“The music is not in the notes, but the silence in between.”   – Wolfgang Amadeus Mozart

If one were to describe the history of Ebola outbreaks, one method would be to construct a timeline, with a point on the line for each outbreak. You could create this timeline with a varying number of points, depending on your methodology, but regardless of how you built your timeline, there would be spaces between these points. This is due to the nature of Ebola; it appears, it disappears, and it appears again. To the Ebola virus, these gaps are periods of convalescence. To us, they are periods of absence and mystery, and one of these gaps stands out as the most mysterious.

The CDC lists five Ebola outbreaks in the late 1970’s. The “first” Ebola outbreak, according to WHO, took place in 1976, though we now recognize the event as two simultaneous and separate outbreaks. Between June and November 1976, 284 cases (151 deaths) of Ebola Sudan occurred near what is now Nzara, South Sudan; between September and October 1976, 318 cases (280 deaths) of Ebola Zaire occurred near what is now Yambuku, Democratic Republic of Congo (DRC). BMJ reported that in November 1976, a researcher in England that was working with samples from the Nzara outbreak accidentally infected himself; CDC lists this accident as the third Ebola outbreak (the individual recovered). In June 1977, a child became sick and died from Ebola Zaire in Tandala, DRC as found by Heymann, Weisfeld, Webb, et al in the Journal of Infectious Diseases; though there was only one confirmed case, subsequent epidemiological investigations of the area uncovered several other historical, probable cases. Finally, WHO reported that between July and October 1979, 34 cases (22 deaths) of Ebola Sudan occurred, unbelievably, in Nzara, Sudan — the same community where the first cases of Ebola emerged just three years prior. In the span of just 39 months, the terror of Ebola had introduced itself to the world five times (638 cases, 454 deaths) and then… silence.

Ebola would not reappear for ten whole years, and even then, the subtype was Ebola Reston, which does not affect humans. Ebola Reston was first discovered in imported non-human primates designated for laboratory testing. Though it was discovered that humans could be infected with Ebola Reston, the infections were asymptomatic. Though CDC lists four Ebola Reston outbreaks between 1989 and 1992, the world would not see another case of Ebola virus disease in humans until late-1994, in Gabon. Even then, the outbreak (52 cases, 31 deaths) was mischaracterized as yellow fever for several months. Perhaps the virus’s long absence from the spotlight had removed it from the collective consciousness in 1994, certainly in the presence of those pathogens that had been circulating and consuming our attention in the meantime.

The fifteen-year disappearance of Ebola, particularly in light of its frequent and severe outbreaks in the late 1970’s, has perplexed researchers for decades. The mystery lies, to some extent, within the lack of complete knowledge of the virus reservoir, though scientists have long suspected bats. It’s hard to detect disease when you cannot pinpoint the source. Surveillance and reporting has been another confounding element. How many times in that fifteen-year period was an illness misdiagnosed as yellow fever, dengue hemorrhagic fever, or some other similar illness, because of lack of knowledge or diagnostic capabilities, or simply because there was no health care around?  We will probably never be able to answer this question. Finally, our perceived zone of endemicity at the time was limited to northern DRC and southern Sudan. Was the virus appearing elsewhere, unbeknownst to us? We certainly weren’t expecting it to emerge in Gabon in 1994 (and Uganda in 2000, and West Africa in 2014).

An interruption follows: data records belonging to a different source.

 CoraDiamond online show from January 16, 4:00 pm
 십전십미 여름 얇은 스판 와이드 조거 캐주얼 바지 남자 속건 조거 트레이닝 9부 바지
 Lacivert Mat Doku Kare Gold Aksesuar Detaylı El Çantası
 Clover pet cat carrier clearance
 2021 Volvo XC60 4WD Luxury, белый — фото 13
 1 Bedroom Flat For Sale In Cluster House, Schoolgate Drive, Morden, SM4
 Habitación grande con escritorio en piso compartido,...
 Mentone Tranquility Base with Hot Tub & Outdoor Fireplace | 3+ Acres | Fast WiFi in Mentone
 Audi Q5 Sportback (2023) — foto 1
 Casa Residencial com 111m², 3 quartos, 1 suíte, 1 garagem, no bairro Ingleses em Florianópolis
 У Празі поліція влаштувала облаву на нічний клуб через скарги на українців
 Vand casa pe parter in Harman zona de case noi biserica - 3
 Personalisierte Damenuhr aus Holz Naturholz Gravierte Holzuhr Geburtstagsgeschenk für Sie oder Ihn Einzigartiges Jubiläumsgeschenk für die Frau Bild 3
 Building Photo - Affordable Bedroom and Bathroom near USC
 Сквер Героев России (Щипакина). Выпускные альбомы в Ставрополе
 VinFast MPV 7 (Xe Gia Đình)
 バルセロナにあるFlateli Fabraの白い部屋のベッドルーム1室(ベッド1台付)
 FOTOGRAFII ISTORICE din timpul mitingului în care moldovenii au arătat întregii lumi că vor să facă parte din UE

Scientists today continue to be perplexed by the emergence of the virus. What brings Ebola out from its hiding place? Is its emergence/re-emergence tied to climate change? globalization? the changing interface between humans and wildlife? If it has to do with any of these increasingly significant factors, how do they explain the fifteen-year disappearance?

These days, the virus comes and goes with some predictability—since 2000, outbreaks have approached a near-annual incidence, sometimes skipping a year, sometimes lasting more than a year. The periods between outbreaks are growing shorter. Is this because our capability to detect Ebola outbreaks is improving, or is the virus able to infect humans more frequently? One thing is for sure: the world knows that when one outbreak ends, another will eventually follow, and we need not wait fifteen years.